No, it's a pretty straightforward recognition that retraining even a few percent of any given workforce every year is going to lead to massive inequality and social problems, especially when there is no infrastructure to provide for living costs while a worker gets retrained. A manufacturing worker can be retrained to a better job, but how long do you think it would take to educate that person so they could design and maintain the machines that replace them? How much would that cost? Who is going to pay for it? And if demand for the product is flat, does it make any sense?
It's also a recognition that we are nearing peak production of practically everything. Developed nations are leveling off and declining in population. Around a third of our food is discarded. Ride-sharing is reducing demand for cars. E-commerce is able to offer discounts because it uses less labor. We are now at the point where major technology vendors have resorted to designing addictive experiences to compete for attention. What's left after that is saturated? I'm almost afraid to ask.
Automation certainly doesn’t hollow out the “economy” but it certainly can contribute to wealth inequality by reducing the number of employed humans required to generate value. At the extreme it could permanently upend the concept of full employment in the economy.
But that's a bit of a simple perspective. Not so long ago, a third of the population of Europe were farmers. Do you think that farming automation concentrated all the wealth in the remaining farmers' hands, leaving nothing for anyone else? Or did the resulting plummet in food costs allow us to figure out other jobs that added previously inconceivable value in other areas?
It's a fallacy to assume that the consequences of future automation is going to be just like past automation. There's no reason to assume that there will be new jobs to replace old jobs next time. Because this time it's going to descend on us a lot faster.
This is not a "simple" perspective, and if I'm permitted to be equally offensive, I suggest yours is a naive perspective. After all, this is already beginning to play out in our economies today.
It used to be that being successful meant that you owned the most successful store in your town, and maybe also the three other closest towns. Now, success is judged on a national or even international level. Success is achieved by fewer people at bigger scales. Success then looked like Wal-Mart. And now it looks like Amazon.
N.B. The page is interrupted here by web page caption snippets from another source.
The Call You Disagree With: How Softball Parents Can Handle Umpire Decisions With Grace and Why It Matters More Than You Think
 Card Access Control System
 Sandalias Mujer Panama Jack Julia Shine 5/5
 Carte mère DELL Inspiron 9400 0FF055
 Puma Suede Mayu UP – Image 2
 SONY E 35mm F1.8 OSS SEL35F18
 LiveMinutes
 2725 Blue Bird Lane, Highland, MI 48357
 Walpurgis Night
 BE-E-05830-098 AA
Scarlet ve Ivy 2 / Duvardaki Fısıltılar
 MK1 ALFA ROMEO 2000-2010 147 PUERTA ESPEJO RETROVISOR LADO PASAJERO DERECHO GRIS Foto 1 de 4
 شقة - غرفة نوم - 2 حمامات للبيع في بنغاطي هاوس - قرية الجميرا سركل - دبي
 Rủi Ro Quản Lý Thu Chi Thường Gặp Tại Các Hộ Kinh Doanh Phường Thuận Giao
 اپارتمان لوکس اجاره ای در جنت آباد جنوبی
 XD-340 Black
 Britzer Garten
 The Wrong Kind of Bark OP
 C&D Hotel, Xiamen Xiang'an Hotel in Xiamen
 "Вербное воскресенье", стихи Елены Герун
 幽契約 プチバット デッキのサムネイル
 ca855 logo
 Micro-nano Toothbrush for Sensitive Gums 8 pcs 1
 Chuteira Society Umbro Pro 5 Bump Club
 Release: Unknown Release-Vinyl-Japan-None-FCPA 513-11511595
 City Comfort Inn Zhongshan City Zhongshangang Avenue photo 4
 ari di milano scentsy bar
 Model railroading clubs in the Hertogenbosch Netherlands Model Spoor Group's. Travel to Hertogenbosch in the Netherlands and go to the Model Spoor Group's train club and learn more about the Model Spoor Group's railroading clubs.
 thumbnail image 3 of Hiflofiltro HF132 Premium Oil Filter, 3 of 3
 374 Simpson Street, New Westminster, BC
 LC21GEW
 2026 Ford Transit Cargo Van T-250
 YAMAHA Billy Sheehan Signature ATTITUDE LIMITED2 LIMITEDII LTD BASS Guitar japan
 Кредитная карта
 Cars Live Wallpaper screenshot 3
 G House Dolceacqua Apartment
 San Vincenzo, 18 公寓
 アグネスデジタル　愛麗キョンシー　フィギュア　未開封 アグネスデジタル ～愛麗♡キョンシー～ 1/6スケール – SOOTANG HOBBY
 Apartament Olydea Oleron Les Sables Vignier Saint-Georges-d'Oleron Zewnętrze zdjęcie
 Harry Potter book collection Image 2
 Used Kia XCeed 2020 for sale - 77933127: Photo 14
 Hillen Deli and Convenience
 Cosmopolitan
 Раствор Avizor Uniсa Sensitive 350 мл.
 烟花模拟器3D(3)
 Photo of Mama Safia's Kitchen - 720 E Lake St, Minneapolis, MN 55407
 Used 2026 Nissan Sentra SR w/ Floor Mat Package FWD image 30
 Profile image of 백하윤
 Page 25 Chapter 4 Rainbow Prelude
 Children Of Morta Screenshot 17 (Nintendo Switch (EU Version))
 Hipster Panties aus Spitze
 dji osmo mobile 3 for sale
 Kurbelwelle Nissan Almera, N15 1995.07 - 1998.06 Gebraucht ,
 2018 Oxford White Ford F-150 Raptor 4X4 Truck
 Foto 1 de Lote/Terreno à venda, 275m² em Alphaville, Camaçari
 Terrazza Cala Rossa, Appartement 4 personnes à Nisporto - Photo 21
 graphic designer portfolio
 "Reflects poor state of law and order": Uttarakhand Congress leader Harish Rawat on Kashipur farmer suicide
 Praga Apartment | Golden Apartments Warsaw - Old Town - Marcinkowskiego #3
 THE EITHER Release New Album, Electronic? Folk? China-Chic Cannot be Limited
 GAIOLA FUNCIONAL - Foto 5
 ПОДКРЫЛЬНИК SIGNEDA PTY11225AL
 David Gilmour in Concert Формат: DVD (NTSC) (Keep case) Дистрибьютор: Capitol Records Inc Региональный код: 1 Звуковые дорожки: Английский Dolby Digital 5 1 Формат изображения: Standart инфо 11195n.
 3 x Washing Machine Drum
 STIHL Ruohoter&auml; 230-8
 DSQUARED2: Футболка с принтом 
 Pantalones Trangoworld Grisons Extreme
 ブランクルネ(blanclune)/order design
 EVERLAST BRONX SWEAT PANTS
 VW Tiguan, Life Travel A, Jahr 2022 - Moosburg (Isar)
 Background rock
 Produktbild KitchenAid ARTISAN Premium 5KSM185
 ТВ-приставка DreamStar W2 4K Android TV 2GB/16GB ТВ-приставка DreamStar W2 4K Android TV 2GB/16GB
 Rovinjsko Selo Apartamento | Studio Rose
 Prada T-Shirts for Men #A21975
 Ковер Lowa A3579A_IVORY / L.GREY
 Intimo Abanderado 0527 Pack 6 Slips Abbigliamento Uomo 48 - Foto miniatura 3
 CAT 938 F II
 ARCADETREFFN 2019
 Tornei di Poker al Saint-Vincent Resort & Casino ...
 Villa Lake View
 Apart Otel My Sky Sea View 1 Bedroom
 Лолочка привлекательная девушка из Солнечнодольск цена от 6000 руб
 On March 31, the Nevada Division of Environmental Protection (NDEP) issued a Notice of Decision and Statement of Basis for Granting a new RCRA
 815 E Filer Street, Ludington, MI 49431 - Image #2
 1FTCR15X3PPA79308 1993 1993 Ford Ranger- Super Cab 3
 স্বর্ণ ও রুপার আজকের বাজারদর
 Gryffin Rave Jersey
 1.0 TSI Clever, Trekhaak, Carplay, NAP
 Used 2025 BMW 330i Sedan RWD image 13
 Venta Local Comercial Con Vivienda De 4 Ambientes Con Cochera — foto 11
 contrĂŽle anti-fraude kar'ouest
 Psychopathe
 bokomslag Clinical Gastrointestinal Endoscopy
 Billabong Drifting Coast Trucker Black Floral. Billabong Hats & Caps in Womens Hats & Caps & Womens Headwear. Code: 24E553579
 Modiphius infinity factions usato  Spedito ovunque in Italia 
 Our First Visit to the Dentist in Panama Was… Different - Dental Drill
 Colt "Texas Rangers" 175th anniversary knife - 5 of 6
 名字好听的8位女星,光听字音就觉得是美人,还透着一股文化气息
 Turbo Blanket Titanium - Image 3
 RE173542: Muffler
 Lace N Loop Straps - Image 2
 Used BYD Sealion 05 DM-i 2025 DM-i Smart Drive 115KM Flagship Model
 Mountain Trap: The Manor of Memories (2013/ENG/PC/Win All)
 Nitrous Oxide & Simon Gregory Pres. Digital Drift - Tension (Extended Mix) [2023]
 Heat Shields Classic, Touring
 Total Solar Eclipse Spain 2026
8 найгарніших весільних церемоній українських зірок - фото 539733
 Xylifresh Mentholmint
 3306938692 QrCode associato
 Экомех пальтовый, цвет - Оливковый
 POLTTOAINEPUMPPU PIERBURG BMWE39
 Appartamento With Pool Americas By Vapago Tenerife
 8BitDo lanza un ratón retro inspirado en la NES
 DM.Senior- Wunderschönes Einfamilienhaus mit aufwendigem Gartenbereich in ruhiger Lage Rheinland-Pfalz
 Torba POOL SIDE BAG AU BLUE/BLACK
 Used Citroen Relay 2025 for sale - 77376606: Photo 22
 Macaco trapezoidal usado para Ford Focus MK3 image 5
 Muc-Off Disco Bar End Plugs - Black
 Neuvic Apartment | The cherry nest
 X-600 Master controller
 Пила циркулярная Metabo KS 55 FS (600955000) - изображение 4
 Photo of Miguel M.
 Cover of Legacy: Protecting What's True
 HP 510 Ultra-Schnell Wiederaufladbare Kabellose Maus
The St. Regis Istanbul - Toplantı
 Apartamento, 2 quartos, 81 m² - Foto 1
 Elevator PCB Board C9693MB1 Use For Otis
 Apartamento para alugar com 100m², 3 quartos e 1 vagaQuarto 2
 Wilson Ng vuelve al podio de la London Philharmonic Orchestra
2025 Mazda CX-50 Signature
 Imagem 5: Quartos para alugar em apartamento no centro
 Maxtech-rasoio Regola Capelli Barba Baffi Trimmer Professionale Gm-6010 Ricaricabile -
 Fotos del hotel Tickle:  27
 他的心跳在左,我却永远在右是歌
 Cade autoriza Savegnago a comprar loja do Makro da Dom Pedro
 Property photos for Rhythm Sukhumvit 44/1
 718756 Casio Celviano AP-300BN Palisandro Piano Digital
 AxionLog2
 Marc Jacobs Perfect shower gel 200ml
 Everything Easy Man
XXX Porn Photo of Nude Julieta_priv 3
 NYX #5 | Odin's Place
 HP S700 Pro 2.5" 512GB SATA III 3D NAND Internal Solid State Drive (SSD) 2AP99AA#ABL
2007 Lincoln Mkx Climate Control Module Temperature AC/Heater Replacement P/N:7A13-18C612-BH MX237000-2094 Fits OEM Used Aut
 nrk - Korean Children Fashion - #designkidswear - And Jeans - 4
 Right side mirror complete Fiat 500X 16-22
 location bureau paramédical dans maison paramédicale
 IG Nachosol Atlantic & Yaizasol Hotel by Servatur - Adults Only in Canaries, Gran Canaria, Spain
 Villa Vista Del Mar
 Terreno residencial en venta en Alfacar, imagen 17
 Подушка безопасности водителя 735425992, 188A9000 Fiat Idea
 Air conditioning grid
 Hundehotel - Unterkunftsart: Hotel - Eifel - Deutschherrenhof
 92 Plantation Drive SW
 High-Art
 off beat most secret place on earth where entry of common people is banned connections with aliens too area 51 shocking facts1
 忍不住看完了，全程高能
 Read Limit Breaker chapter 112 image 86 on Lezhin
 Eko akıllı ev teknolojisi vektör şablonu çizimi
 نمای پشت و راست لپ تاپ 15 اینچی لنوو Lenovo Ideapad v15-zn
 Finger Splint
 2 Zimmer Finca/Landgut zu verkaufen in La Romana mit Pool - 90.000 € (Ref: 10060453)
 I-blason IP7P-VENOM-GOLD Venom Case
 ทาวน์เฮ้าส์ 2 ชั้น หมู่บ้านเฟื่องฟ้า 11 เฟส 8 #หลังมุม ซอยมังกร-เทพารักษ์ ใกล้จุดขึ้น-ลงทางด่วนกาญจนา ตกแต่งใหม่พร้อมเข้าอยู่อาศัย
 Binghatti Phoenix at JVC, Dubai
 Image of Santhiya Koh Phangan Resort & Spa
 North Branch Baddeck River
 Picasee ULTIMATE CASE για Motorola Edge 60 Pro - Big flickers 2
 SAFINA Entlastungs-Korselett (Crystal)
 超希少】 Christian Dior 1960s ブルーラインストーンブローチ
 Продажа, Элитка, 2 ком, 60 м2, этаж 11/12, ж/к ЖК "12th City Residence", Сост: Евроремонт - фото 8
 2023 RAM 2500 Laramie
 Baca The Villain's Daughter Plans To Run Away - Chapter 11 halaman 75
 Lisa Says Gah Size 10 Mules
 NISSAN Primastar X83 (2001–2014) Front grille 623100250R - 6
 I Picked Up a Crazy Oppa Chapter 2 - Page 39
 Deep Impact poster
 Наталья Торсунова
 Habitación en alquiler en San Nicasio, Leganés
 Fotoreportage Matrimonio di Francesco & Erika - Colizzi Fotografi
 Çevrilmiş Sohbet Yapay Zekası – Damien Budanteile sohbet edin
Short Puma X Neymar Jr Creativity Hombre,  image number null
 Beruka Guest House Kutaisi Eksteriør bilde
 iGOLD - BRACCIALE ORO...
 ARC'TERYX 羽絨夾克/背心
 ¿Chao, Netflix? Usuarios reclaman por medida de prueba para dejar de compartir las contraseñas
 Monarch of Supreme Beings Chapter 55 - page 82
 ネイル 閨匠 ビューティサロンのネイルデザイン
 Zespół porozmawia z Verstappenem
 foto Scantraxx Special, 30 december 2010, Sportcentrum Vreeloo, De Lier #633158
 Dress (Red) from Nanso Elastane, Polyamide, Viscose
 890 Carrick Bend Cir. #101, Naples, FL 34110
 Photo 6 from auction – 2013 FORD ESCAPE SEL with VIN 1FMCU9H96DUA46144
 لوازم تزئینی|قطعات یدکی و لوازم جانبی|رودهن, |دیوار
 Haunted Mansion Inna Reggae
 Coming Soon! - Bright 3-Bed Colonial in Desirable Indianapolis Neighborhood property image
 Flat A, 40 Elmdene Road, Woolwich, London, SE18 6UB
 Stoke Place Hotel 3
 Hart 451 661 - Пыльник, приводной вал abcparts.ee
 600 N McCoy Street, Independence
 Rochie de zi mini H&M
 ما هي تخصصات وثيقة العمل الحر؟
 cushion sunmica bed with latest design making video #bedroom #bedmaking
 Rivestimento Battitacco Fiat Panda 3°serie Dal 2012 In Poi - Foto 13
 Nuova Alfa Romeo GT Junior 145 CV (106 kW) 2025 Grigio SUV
Success used to look like a dozen taxi medallions in NYC. Now it looks like Uber.
Do you really think that the "American Dream" will withstand a large fraction of truck drivers, taxi drivers, manufacturing line workers and clerical workers being made forcefully unemployed? You're not seriously suggesting that the answer is to teach truck drivers to code?
There were more humans hired to perform simple calculations prior to the calculator, but we don't see people saying we should get rid of the calculator.
Machine Learning algorithms and Artificial Neural Networks are still mostly adequate terms for what's going on in the industry thus abusing of term "AI" (artificial intelligence) makes it just a marketing BS.
> Machine Learning algorithms and Artificial Neural Networks are still mostly adequate terms for what's going on in the industry thus abusing of term "AI" (artificial intelligence) makes it just a marketing BS.
It's true that the terms ML and ANN predate the current hype but they were introduced/kept in use for the same reason: talking in mathematical terms does not excite research grant decision makers or business customers. Neural is a buzzword, it's easy to interpret for laypeople. If you talk about Latent Dirichlet Allocation, Support Vector Regression, Projection Pursuit, Principal Component Analysis, Reproducing Kernel Hilbert Spaces, Reverse-Mode Automatic Differentiation etc etc, then people yawn.
Why do we call linear programming "programming"? It has nothing to do with machine instructions. The answer: the name was made up for the hype and for securing research grants, when math funding was dry, but CS research was popular.
Why call "dynamic programming" like that? What's dynamic about it? Because the inventor wanted a name nobody can object to and sounds buzzy enough.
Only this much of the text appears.